**INSTRUCTIONS TO FOLLOW:** Of the lines listed below, return exactly those that run from the line containing "Corner Shower Glass Sliding Door - Black" through the line containing "Dokotoo Oversized Henley", both included.
INFORMATION SHOWN Block Start
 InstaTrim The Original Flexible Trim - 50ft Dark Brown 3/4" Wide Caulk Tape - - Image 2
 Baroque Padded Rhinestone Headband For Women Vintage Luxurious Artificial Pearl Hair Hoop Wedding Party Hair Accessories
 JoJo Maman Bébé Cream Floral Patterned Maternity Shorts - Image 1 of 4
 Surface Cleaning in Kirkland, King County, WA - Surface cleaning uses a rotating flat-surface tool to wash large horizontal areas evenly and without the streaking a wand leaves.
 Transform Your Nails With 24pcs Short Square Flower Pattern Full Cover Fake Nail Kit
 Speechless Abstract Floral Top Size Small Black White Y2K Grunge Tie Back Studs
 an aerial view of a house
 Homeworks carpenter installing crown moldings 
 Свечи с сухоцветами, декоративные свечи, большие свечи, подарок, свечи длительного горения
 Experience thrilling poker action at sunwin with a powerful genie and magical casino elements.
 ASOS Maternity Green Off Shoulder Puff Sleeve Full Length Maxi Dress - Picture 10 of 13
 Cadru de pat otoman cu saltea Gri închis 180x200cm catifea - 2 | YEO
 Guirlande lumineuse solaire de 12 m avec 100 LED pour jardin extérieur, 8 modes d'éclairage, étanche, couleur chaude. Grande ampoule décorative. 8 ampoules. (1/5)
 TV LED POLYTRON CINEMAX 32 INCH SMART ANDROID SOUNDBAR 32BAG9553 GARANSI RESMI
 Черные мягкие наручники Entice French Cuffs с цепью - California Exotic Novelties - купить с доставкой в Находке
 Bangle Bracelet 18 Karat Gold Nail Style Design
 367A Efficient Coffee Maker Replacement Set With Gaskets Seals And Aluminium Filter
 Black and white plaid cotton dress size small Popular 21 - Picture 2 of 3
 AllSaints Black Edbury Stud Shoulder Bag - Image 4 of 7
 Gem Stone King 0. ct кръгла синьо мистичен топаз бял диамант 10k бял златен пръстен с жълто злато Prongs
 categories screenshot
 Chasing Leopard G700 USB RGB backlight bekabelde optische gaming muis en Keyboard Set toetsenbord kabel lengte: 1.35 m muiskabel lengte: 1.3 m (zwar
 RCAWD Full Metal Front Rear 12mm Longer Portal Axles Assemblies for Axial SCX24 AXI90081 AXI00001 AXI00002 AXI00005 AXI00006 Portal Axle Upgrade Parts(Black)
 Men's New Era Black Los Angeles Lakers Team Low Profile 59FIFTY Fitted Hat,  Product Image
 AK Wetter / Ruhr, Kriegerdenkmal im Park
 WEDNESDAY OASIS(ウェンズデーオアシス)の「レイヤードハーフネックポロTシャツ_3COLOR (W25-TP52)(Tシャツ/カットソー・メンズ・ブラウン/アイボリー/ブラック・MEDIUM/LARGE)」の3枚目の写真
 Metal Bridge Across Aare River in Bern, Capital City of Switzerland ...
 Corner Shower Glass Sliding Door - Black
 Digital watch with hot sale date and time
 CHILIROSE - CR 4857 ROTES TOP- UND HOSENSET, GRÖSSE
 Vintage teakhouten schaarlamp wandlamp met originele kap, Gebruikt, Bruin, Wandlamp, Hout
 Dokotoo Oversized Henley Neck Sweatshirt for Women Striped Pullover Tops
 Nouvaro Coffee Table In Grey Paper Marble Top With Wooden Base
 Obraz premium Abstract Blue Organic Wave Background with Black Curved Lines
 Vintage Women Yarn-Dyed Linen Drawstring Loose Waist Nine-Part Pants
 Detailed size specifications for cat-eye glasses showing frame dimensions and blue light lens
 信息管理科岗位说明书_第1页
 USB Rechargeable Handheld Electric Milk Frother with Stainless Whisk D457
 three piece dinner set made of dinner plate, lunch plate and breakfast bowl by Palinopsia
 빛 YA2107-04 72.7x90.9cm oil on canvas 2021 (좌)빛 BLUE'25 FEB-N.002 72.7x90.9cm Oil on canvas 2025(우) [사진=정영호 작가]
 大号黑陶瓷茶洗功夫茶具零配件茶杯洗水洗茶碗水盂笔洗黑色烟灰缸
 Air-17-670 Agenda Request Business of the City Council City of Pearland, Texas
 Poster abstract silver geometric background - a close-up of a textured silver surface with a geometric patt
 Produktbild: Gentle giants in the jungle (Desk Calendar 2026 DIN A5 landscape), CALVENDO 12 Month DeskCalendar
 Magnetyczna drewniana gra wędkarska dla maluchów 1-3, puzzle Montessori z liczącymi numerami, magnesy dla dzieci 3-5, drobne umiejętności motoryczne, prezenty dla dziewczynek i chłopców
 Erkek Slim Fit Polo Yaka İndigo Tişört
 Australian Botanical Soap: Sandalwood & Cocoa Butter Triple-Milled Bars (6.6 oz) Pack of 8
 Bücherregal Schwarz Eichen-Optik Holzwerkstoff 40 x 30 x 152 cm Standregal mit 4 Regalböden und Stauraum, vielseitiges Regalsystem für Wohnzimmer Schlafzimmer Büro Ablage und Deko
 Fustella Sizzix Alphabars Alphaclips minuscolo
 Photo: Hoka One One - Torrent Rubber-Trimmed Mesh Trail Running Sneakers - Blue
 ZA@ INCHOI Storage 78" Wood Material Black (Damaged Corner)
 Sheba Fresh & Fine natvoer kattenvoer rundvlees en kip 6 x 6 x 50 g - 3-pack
INFORMATION SHOWN Block End
**ANSWER TO THIS EXERCISE:**
 Corner Shower Glass Sliding Door - Black
 Digital watch with hot sale date and time
 CHILIROSE - CR 4857 ROTES TOP- UND HOSENSET, GRÖSSE
 Vintage teakhouten schaarlamp wandlamp met originele kap, Gebruikt, Bruin, Wandlamp, Hout
 Dokotoo Oversized Henley Neck Sweatshirt for Women Striped Pullover Tops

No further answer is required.